RECORDS PROVIDED
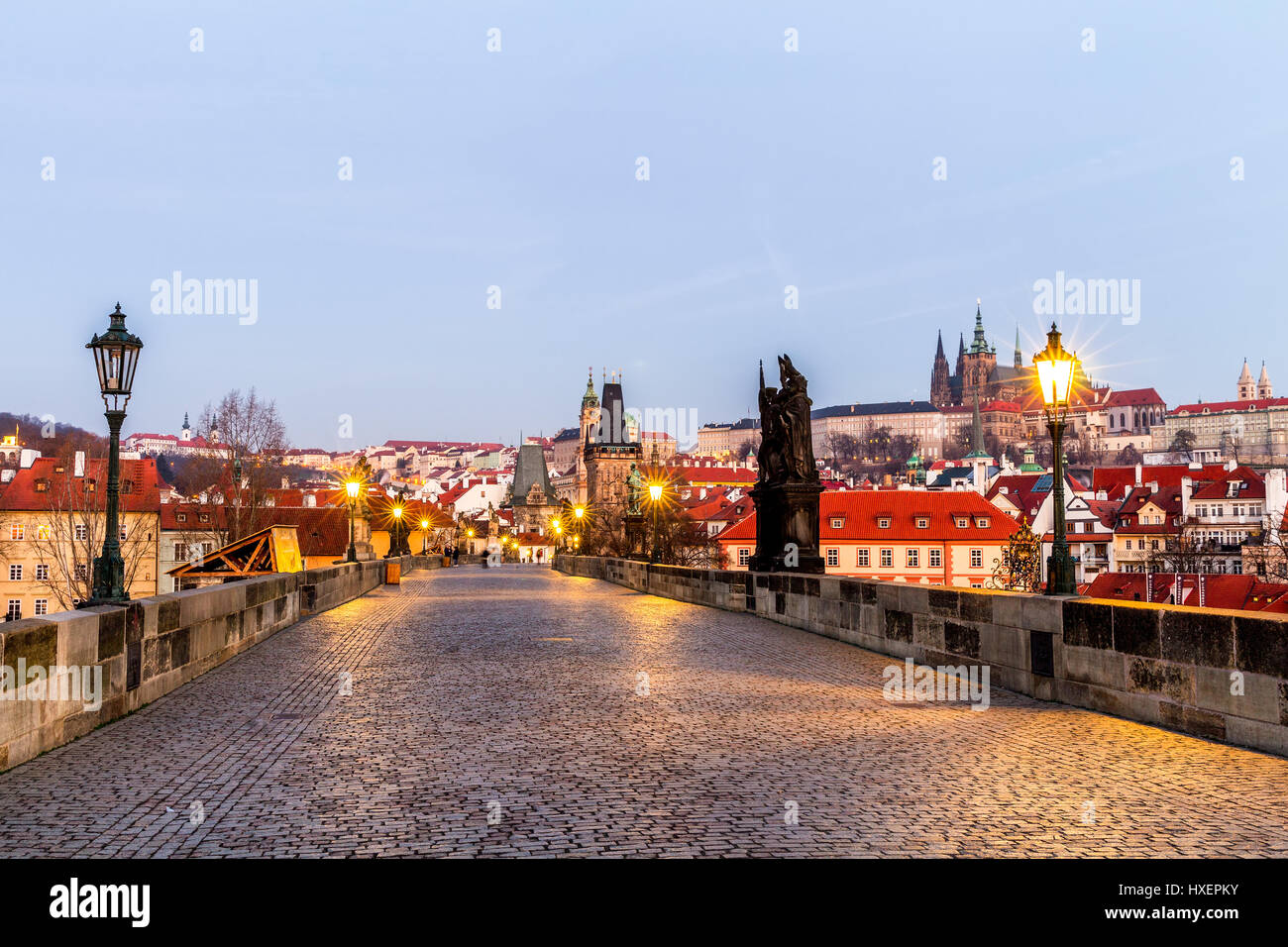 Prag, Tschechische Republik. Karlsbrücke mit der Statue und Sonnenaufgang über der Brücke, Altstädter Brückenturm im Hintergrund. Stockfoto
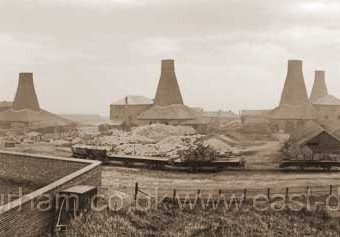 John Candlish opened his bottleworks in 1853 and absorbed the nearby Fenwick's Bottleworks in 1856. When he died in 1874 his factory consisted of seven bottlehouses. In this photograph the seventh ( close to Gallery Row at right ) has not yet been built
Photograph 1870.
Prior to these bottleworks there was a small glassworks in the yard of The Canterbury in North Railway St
...
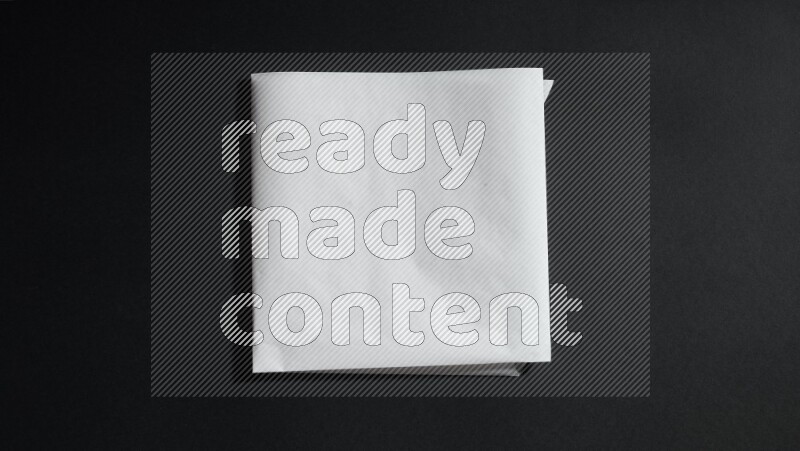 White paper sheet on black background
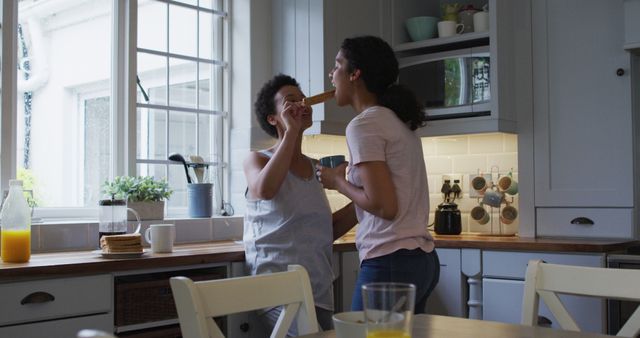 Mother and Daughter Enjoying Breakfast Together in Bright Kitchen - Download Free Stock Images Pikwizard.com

WORK ITEM
Among the entries above, find the line with "White paper sheet on black background" and repeat exactly from there through the line with "Mother and Daughter", leaving out the pictures.

WRITTEN RESPONSE
 White paper sheet on black background
 Mother and Daughter Enjoying Breakfast Together in Bright Kitchen - Download Free Stock Images Pikwizard.com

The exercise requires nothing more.